AIM OF THE EXERCISE: Please copy only the material from the line that has "18K Yellow Gold" to the very last line, both ends included, exactly as written and without pictures.
- Opening Delimiter -
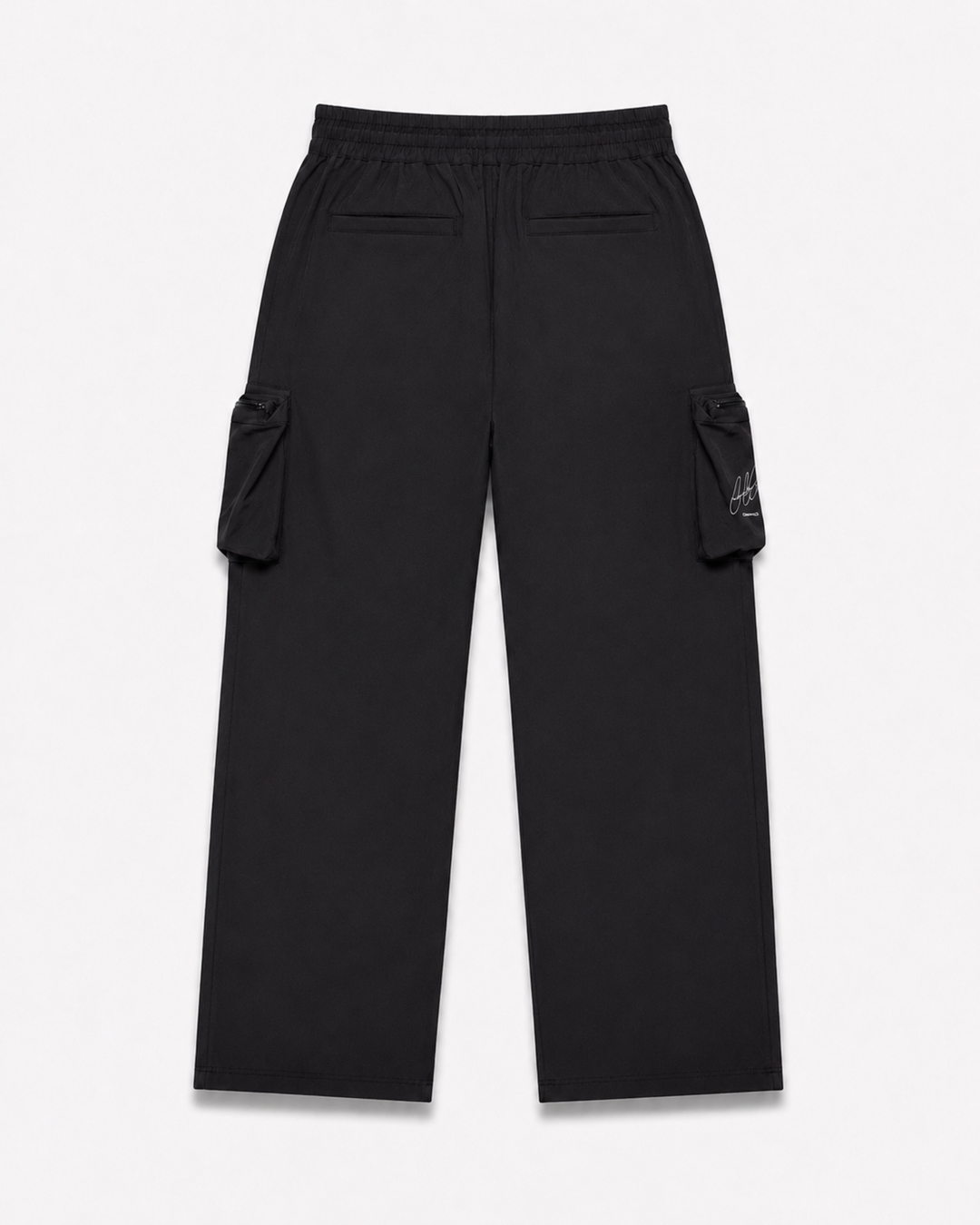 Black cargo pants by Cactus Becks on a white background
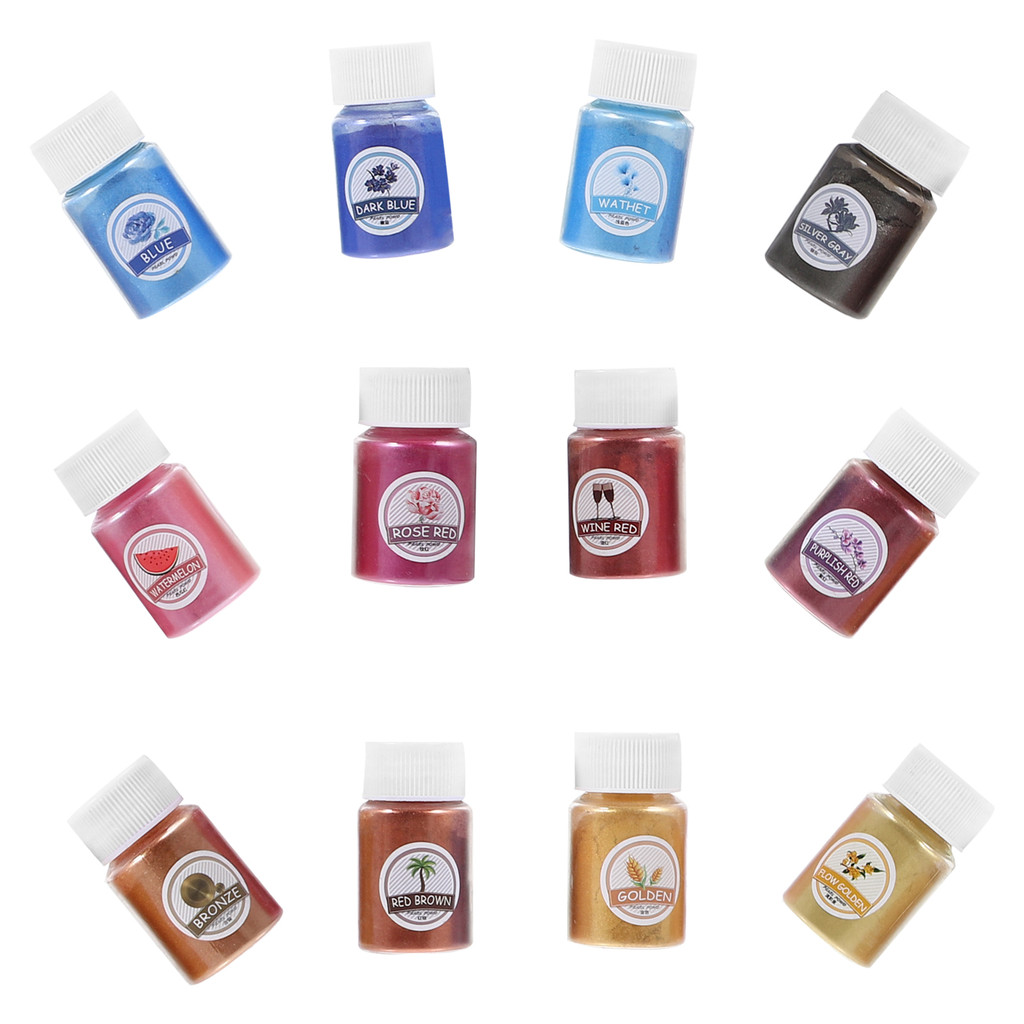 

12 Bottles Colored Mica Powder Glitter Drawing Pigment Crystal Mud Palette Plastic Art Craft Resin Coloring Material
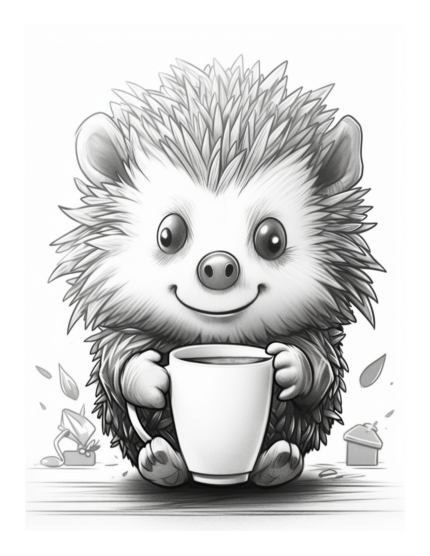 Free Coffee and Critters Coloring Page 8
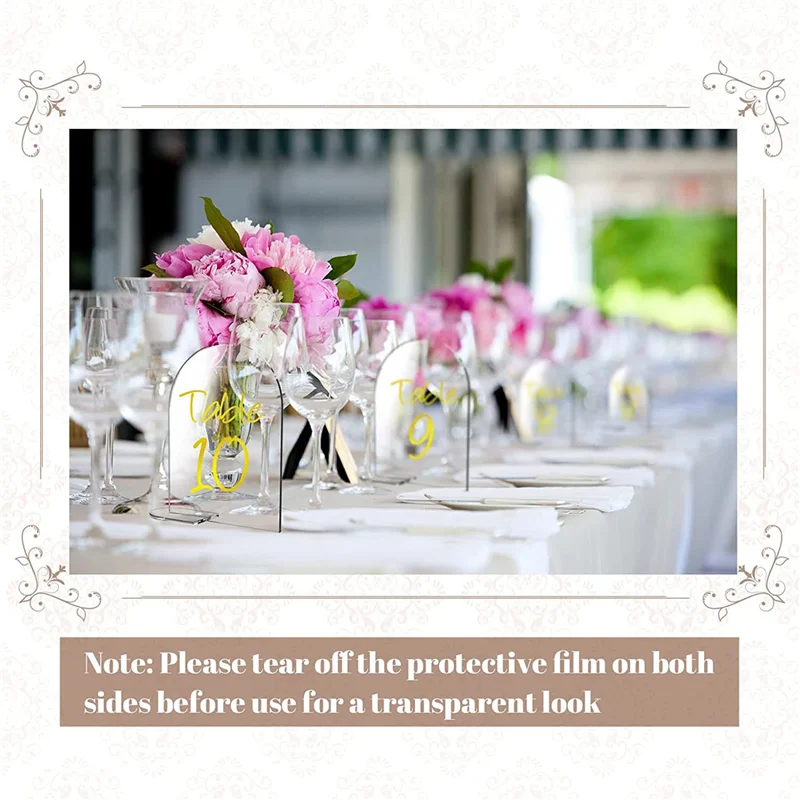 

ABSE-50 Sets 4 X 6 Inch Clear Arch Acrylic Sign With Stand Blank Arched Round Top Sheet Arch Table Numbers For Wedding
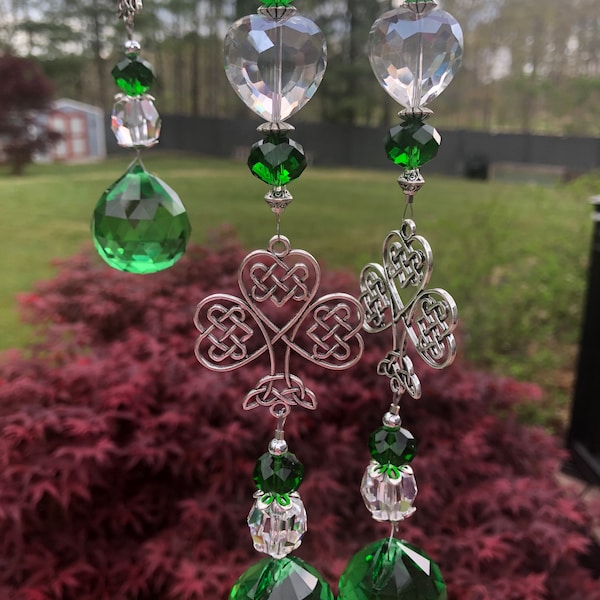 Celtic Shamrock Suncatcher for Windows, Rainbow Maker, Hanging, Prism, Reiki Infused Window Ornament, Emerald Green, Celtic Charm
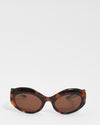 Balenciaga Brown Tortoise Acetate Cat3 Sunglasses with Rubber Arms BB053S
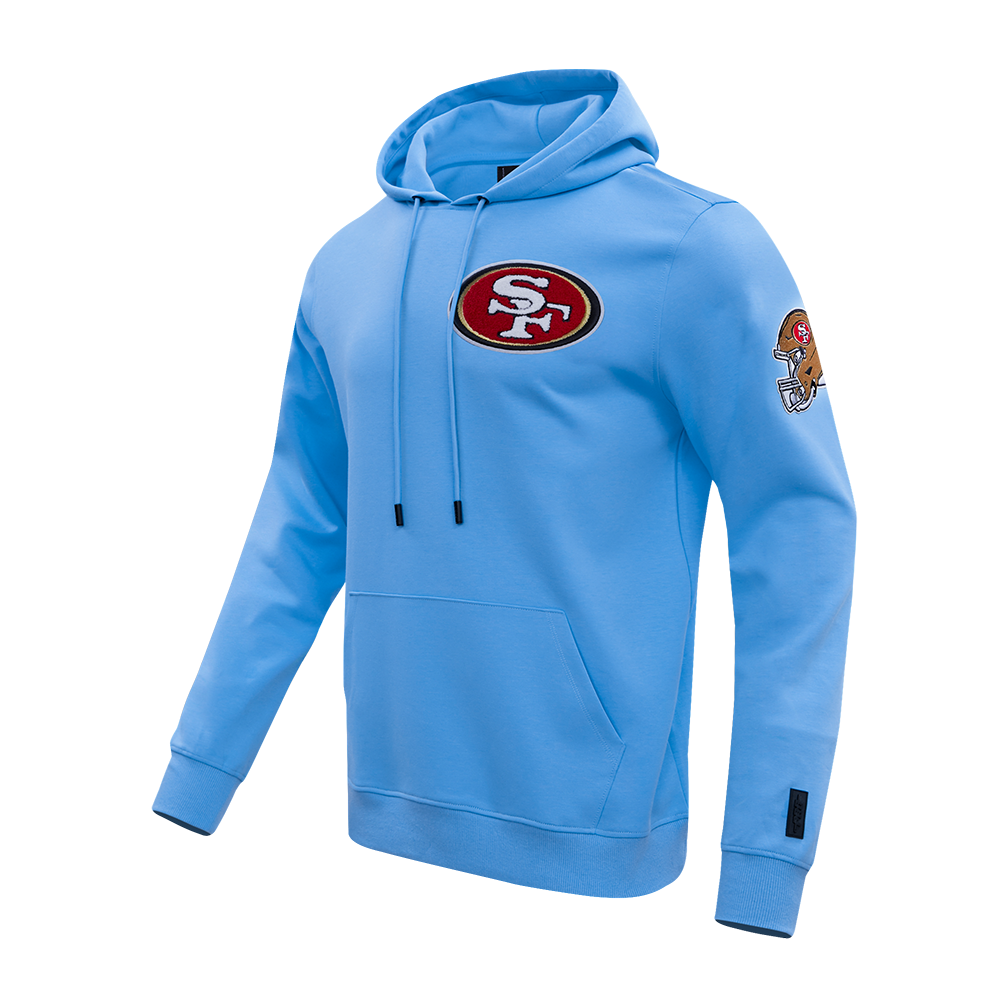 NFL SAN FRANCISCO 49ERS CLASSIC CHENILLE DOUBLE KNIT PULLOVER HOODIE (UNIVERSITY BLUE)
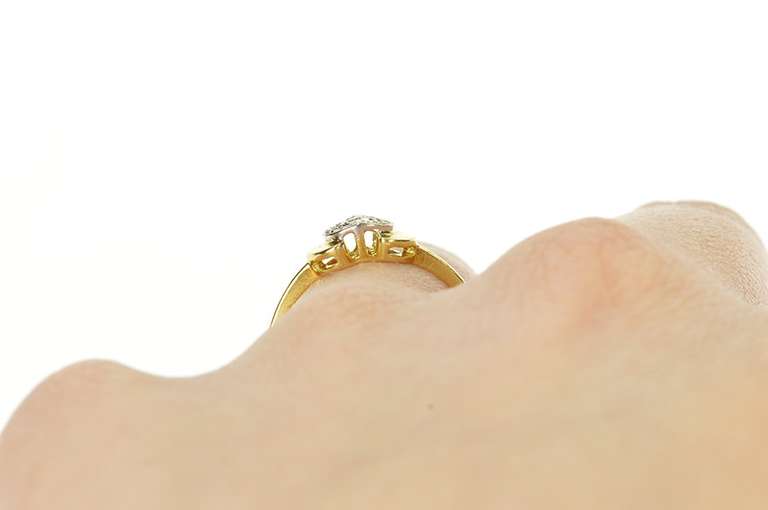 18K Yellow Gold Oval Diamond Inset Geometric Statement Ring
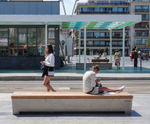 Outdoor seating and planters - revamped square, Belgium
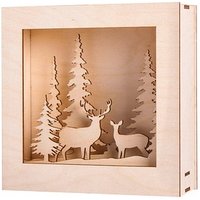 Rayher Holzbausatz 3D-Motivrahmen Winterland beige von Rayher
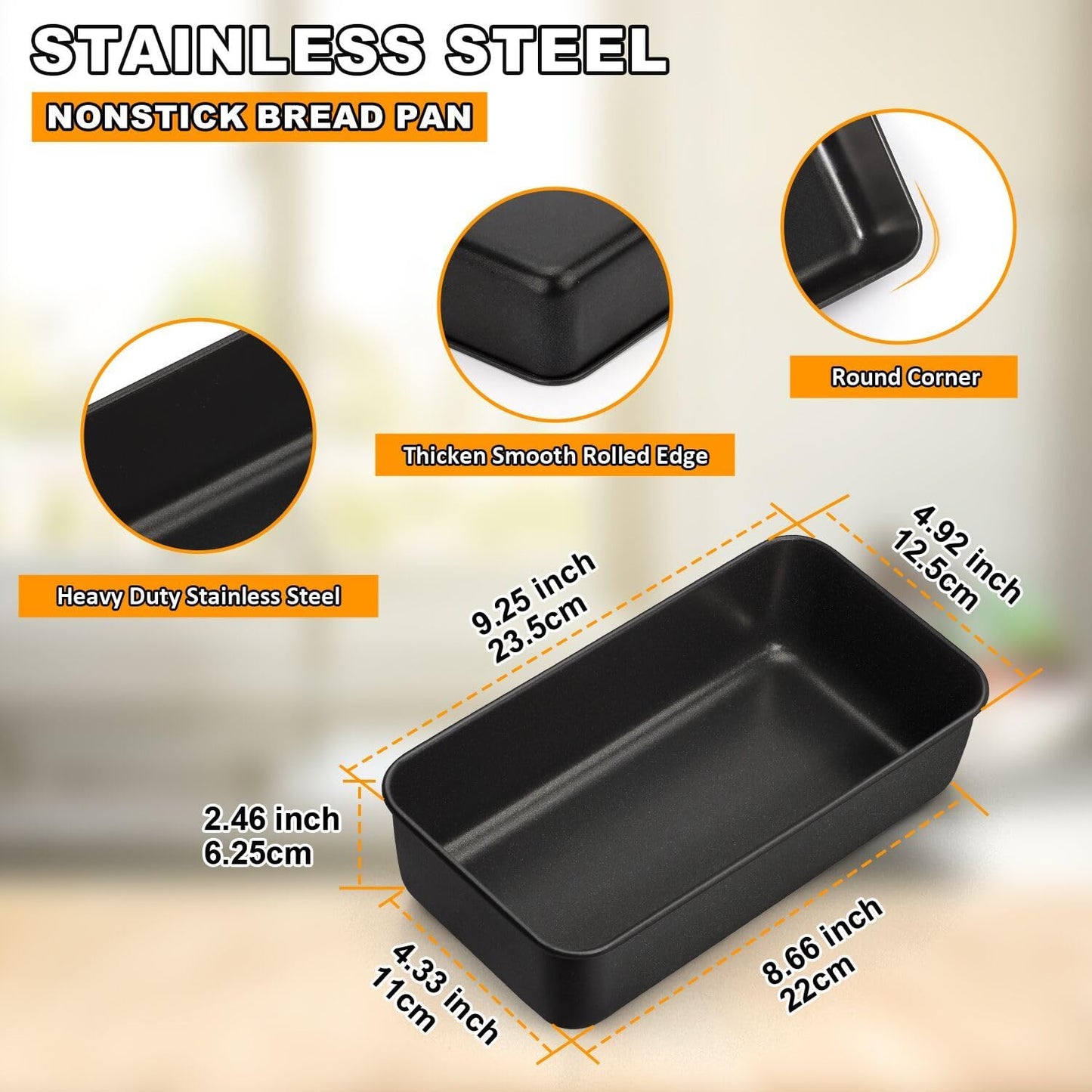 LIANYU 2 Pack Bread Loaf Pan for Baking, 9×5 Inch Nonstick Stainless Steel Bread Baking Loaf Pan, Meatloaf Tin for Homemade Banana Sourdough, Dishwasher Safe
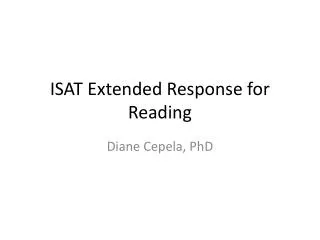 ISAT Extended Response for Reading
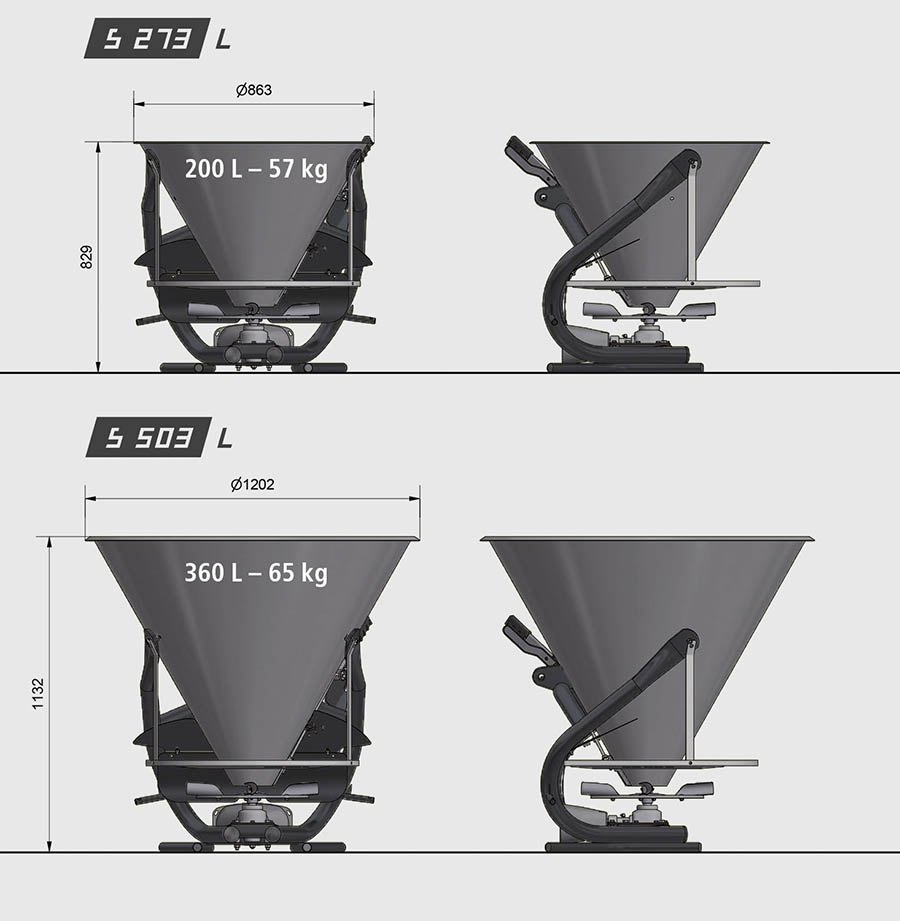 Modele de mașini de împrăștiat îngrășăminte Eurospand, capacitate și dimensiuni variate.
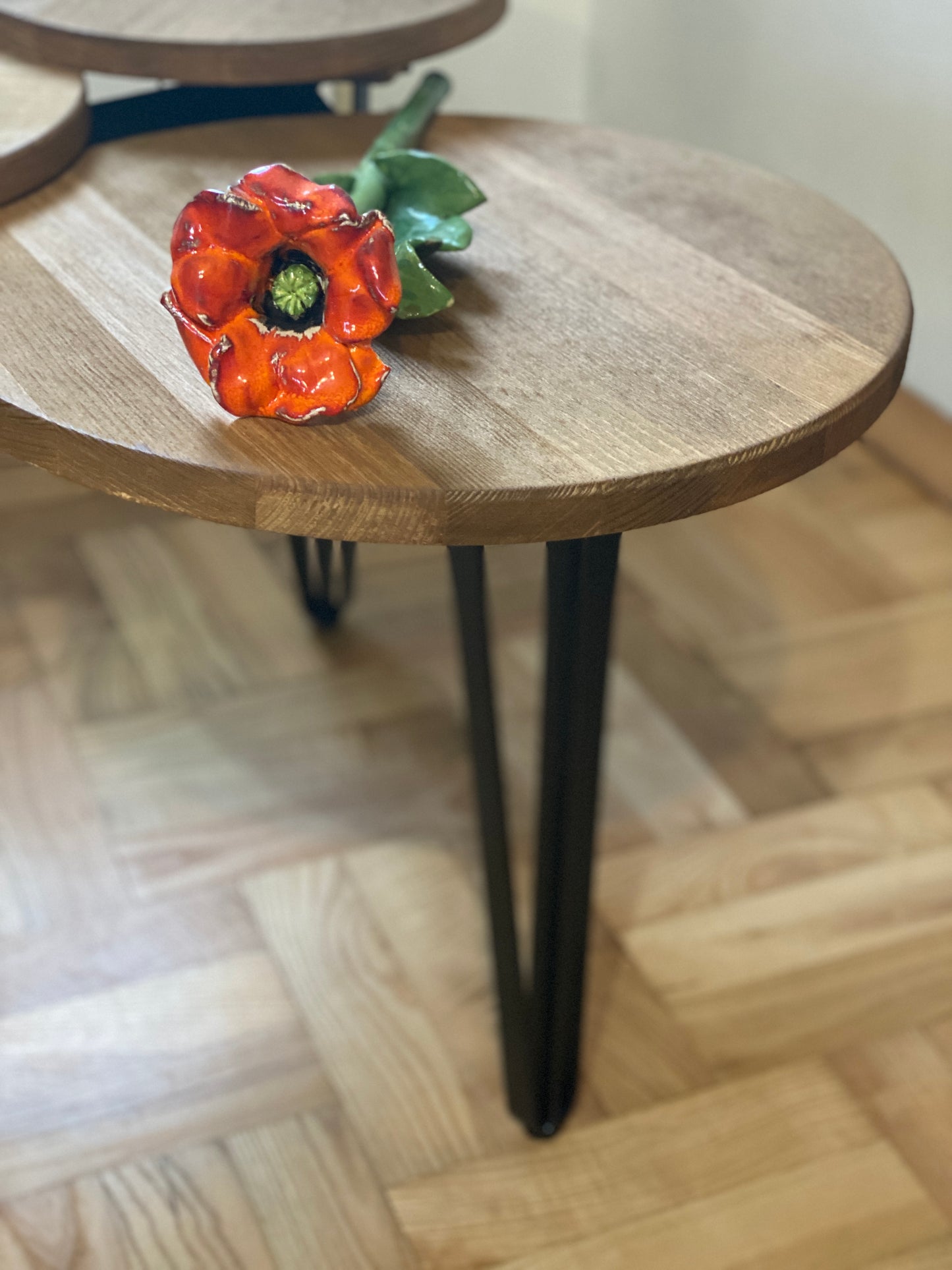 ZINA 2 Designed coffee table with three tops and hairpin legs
- Closing Delimiter -
ANSWER FOR THE TASK:
 18K Yellow Gold Oval Diamond Inset Geometric Statement Ring
 Outdoor seating and planters - revamped square, Belgium
 Rayher Holzbausatz 3D-Motivrahmen Winterland beige von Rayher
 LIANYU 2 Pack Bread Loaf Pan for Baking, 9×5 Inch Nonstick Stainless Steel Bread Baking Loaf Pan, Meatloaf Tin for Homemade Banana Sourdough, Dishwasher Safe
 ISAT Extended Response for Reading
 Modele de mașini de împrăștiat îngrășăminte Eurospand, capacitate și dimensiuni variate.
 ZINA 2 Designed coffee table with three tops and hairpin legs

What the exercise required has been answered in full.